I would have to agree with everyone here. I have paints. But Caddo my foal out of my registered stud is out of my qh mare that I can't get her papers because I do not know her parents. This is what I know about her she came from Texas she has a brand on her left hip. I called the Texas Cattlemens Association to see what I could do to get papers or to find out about them. This is what they told me. The I on her hip is the Stallion The L is the lot and W tells the mare band she was with. That is All I know about that. I have had several people wanting to breed to Caddo when he gets 2 years old but I am gelding him because without papers he will be considered a grade. Yes I can get pinto papers on him but you know when I inquired about getting papers on him when he was first born they will not register him with them until he is gelded because of the dam. I am upset because out of the foals born this year he is what a lot of people are looking for around here. 50% white to 50% color. Caddo will be shown. The other question that you have to look at is you might get some people to breed to him but more often than not they won't. This is not to discourage but it is reality. The dam of Caddo will never be bred again. The only reason I bred her to my stud was because I wanted another foal out of her to him. She gave me a great foal one that has the attitude of the sire wants to please even at his young age. I also liked her qualities. Do you know if he had been bred to mares before? Your horses can be trained to do anything that you would like to do. Also another aspect that you are not considering for him is a studs life is rather lonely. They are kept separate from the other horses. My stud has been by himself for 4 years now that is the other reason why I am gelding Caddo to give his dad a companion. I real not have to worry about him hurting his son because he will not compete for the ladies. We breed Sky either in hand or in the pasture. You will have to make your own decision. If you can get the papers from the JC then by all means keep him a stallion. Before you do anything get in touch with the JC they should be able to tell you anything from off of his tattoo.


----------



## ridesapaintedpony (Apr 14, 2009)

Shar said:


> I didn't want to get onto the topic of paper snobbery, but since the discussion is now open...I suppose you guys are right. I'm sure the piece of paper causes a horse to have better *confirmation*.

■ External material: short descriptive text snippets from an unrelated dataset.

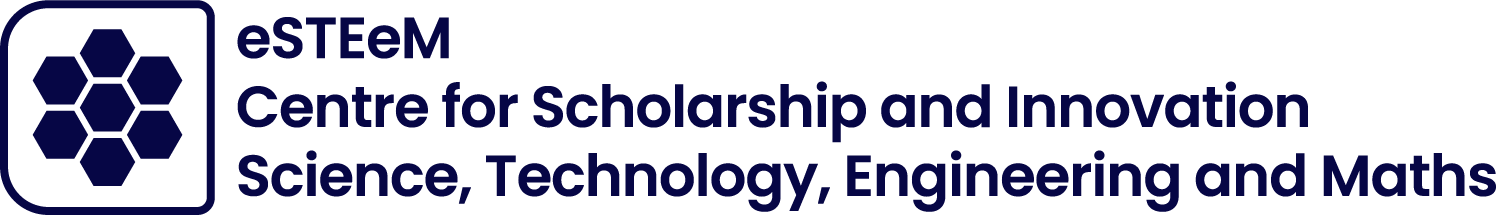 eSTEeM logo, a white hexagon, surrounded by six white hexagons, all in a blue circle 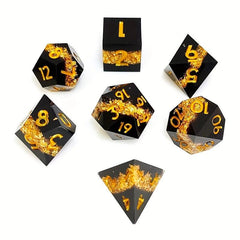 7pcs Resin Polyhedral Dices Running Group Board Game Gift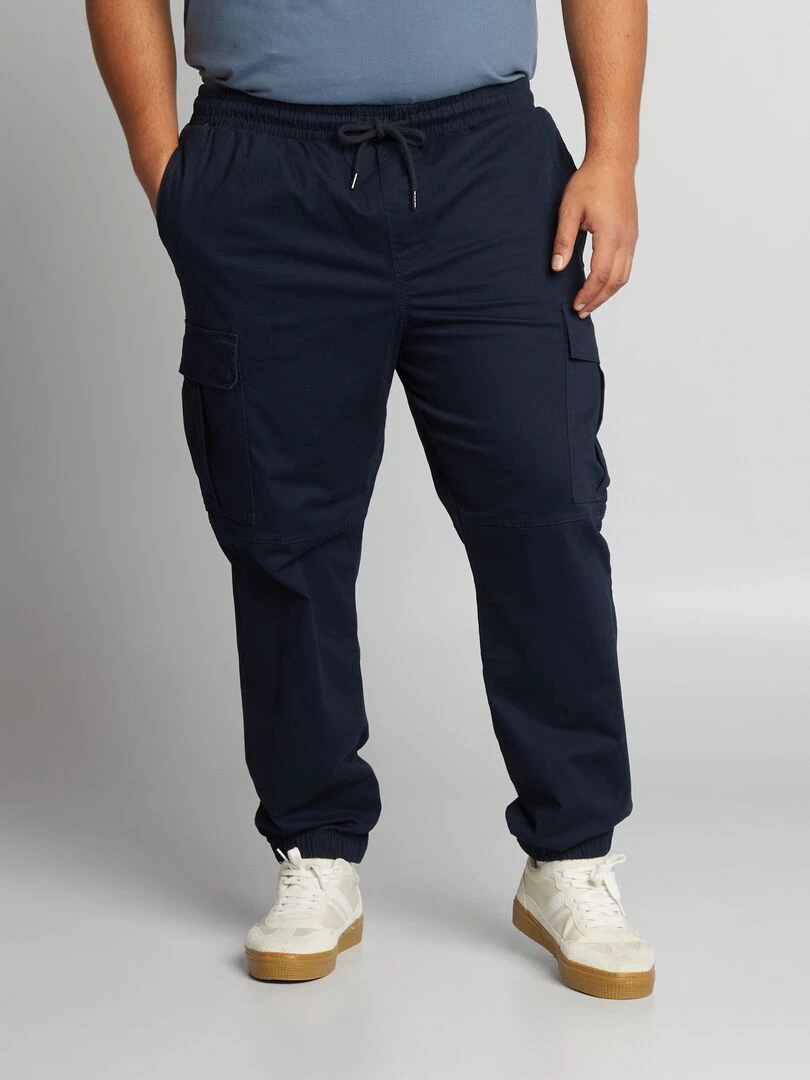 Pantalon avec poches sur les côtés   Bleu marine
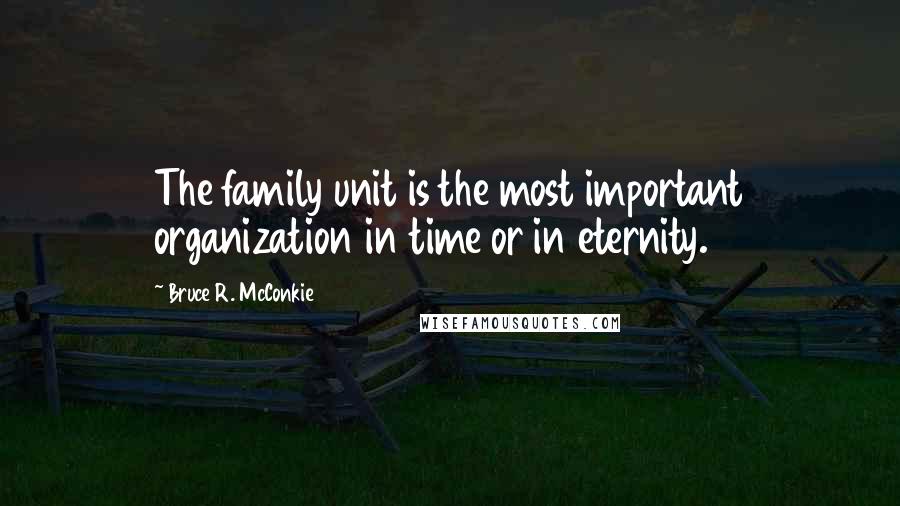 Bruce R. McConkie quotes: The family unit is the most important organization in time or in eternity.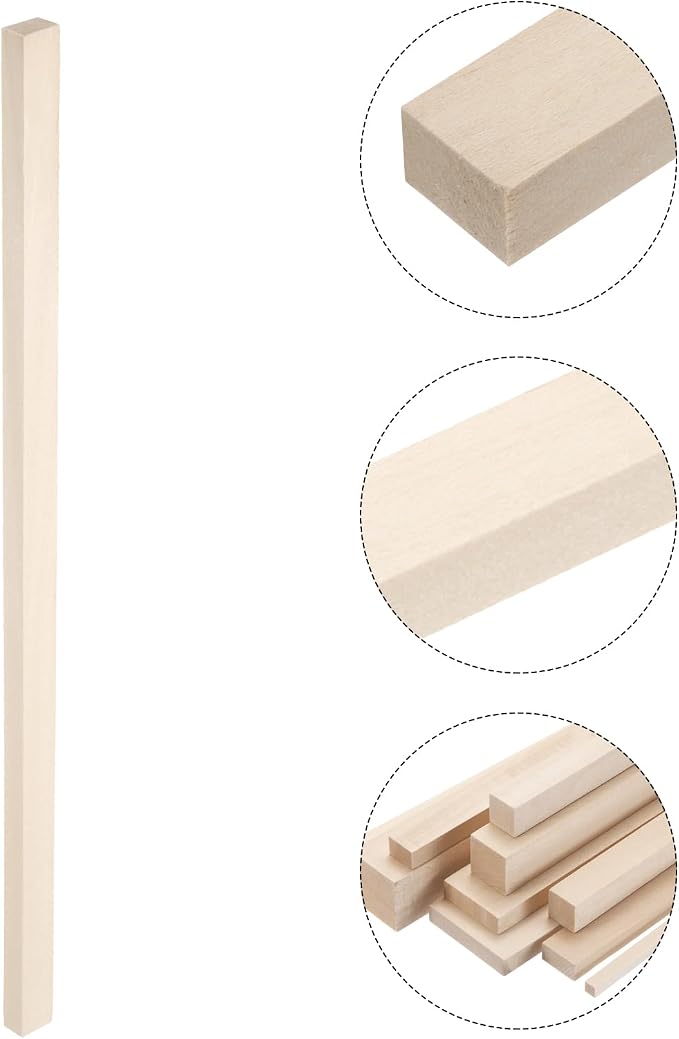 MECCANIXITY 6pcs Wood Sticks, 3/8"x 3/5" x 15" Rectangle Wooden Cube Wood - Image 3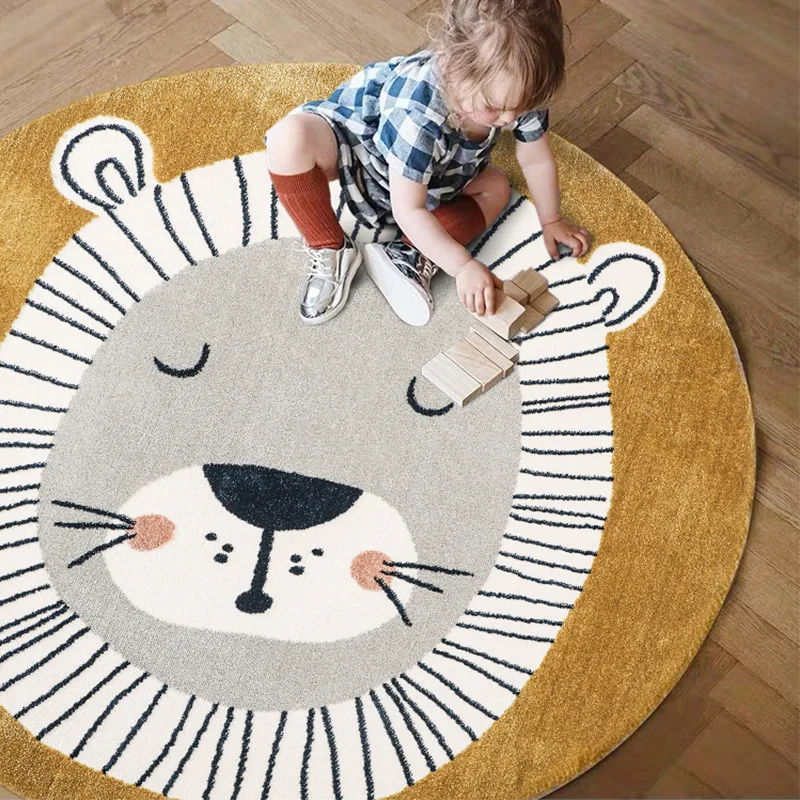 

Cartoon Children Carpet Round Cartoon Cute Lion Bedroom Room Bed Home INS Floor Mat Animal Game Floor Mat Aisle Decoration Rugs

If we're going to be accused of being snobs, then the proper term is conformation. Confirmation is to confirm something like a reservation.



> *Now, in the case of my stallion. He has bloodlines that can be traced back to the Godolphin Arabian, one of the three founding sires in the 1700's. * His bloodlines include many of the greatest race horses in history - and the fastest, as well as the only unbeaten triple crown winner in history. I suppose not having his papers due to a bad business deal by his original owners means he magically fell out of a tree and his breeding no longer exists.


So what? So does every TB born. Each and every Thoroughbred goes back to the three founding sires.

My Paint _gelding_ goes back to Man O' War and all three founding sires. Again, so what?

I understand what the others are saying. Every magazine I read mentions the overpopulation of horses right now. 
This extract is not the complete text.